Aumentos de internações em São Paulo e Rio de Janeiro apontam indícios de uma segunda onda da Covid-19

Pela primeira vez desde junho a rede SUS da cidade do Rio de Janeiro possui mais pessoas na fila por uma vaga de UTI para Covid-19 do que leitos disponíveis. Nesta terça-feira, segundo a secretaria municipal de Saúde, há 513 pacientes internados em leitos de terapia intensiva na rede pública da capital — que inclui leitos de unidades municipais, estaduais e federais, atingindo uma ocupação de 93%. Há, no entanto, 73 pessoas aguardando transferência para algumas das 39 vagas restantes.

Apesar de divulgar a taxa de ocupação e o número de pacientes internados na rede SUS o município não informou a quantidade de leitos totais de UTI, sugerindo procurar o governo do estado e o Ministério da Saúde sobre a quantidade de vagas que cada ente administra na capital

Ainda segundo a secretaria municipal de Saúde, a taxa de ocupação nos leitos SUS de enfermaria é de 70%. Já nas unidades geridas pela prefeitura, a ocupação na terapia intensiva é de 97% das 271 UTIs.

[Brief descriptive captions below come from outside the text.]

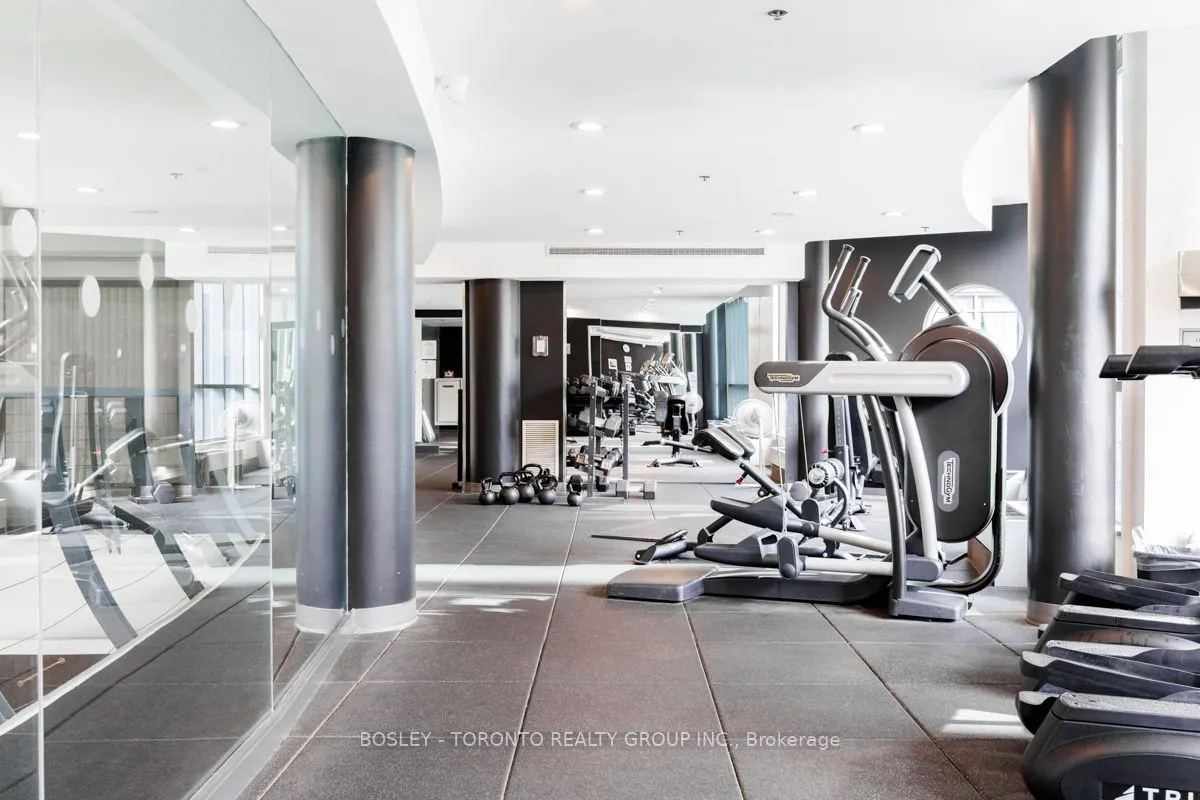 219 Fort York Boulevard, #610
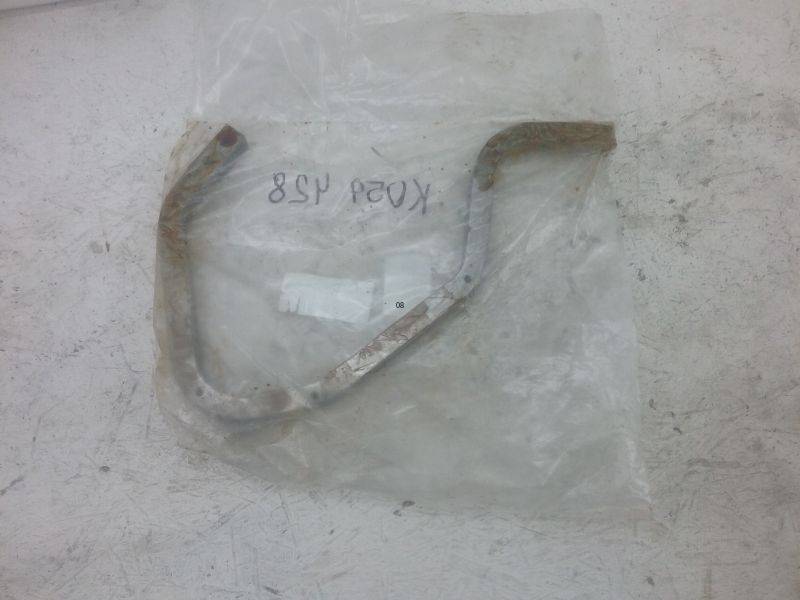 Петля крышки багажника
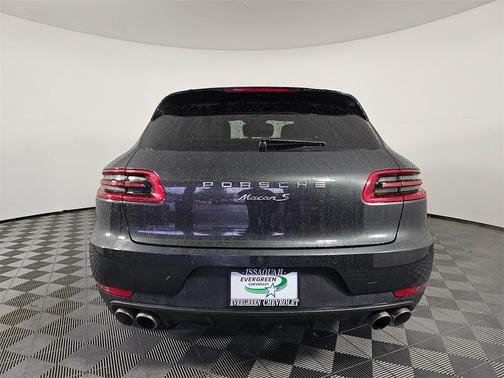 2017 Porsche Macan S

Pela quinta semana consecutiva, o estado apresentou uma alta no pedido de internações para pacientes com Covid-19. Um levantamento do jornal O Globo com dados da Secretaria estadual de Saúde mostra que, na última semana epidemiológica — entre os dias 15 e 21 de novembro — , as unidades de toda a rede SUS do Rio pediram vagas para 1.044 pessoas com suspeita ou caso confirmado de coronavírus.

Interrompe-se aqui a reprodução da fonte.